RHOAIENG-26513: tests(containers): add unittests for verifying data science libraries in workbench images (#1421)

jiridanek · web-flow · commit 9bc0c11ac193 · 2025-07-22T17:10:42.000+02:00
Introduces a new test suite (`libraries_testunits.py`) to validate key data science libraries (NumPy, Pandas, scikit-learn, Matplotlib, PyTorch, TorchVision, and TorchAudio) within workbench container images.
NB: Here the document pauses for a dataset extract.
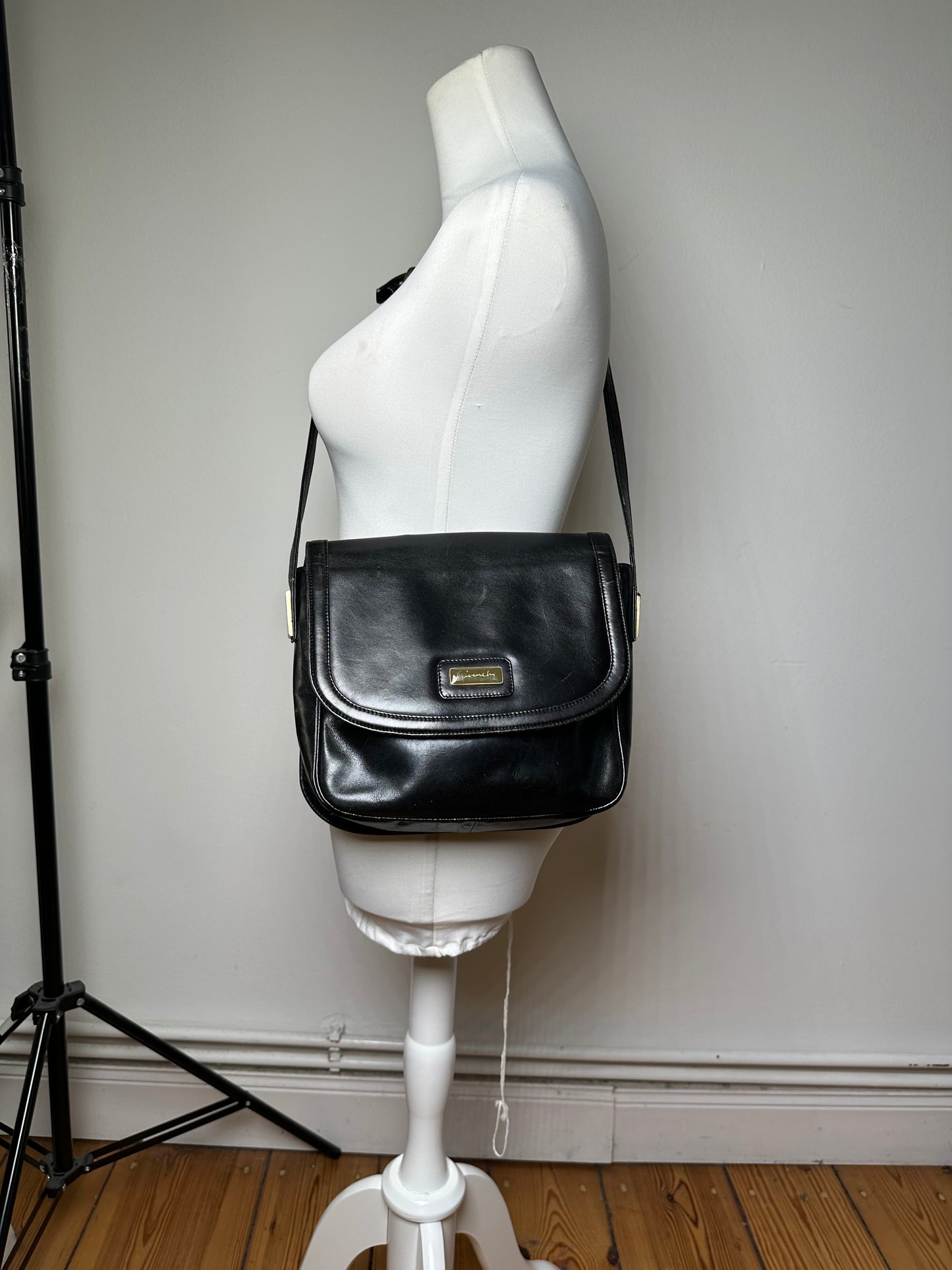 Vintage Givenchy Structured Leather Shoulder Bag Black Gold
Adds integration of these tests in `libraries_test.py`.

Extends `docker_utils.container_cp` to accept `PathLike` types.
diff --git a/tests/containers/docker_utils.py b/tests/containers/docker_utils.py
@@ -7,6 +7,7 @@
 import sys
 import tarfile
 import time
+from os import PathLike
 from typing import TYPE_CHECKING
 
 import podman
@@ -45,7 +46,9 @@ def wait_for_exit(self) -> int:
         return container.attrs["State"]["ExitCode"]
 
 
-def container_cp(container: Container, src: str, dst: str, user: int | None = None, group: int | None = None) -> None:
+def container_cp(
+    container: Container, src: str | PathLike, dst: str, user: int | None = None, group: int | None = None
+) -> None:
     """
     Copies a directory into a container
     From https://stackoverflow.com/questions/46390309/how-to-copy-a-file-from-host-to-container-using-docker-py-docker-sdk
diff --git a/tests/containers/workbenches/jupyterlab/libraries_test.py b/tests/containers/workbenches/jupyterlab/libraries_test.py
@@ -0,0 +1,47 @@
+from __future__ import annotations
+
+import pathlib
+from typing import TYPE_CHECKING
+
+from tests.containers import docker_utils
+from tests.containers.workbenches.workbench_image_test import WorkbenchContainer, grab_and_check_logs
+
+if TYPE_CHECKING:
+    import pytest_subtests
+
+    from tests.containers.conftest import Image
+
+
+class TestWorkbenchImage:
+    """Tests for workbench images in this repository.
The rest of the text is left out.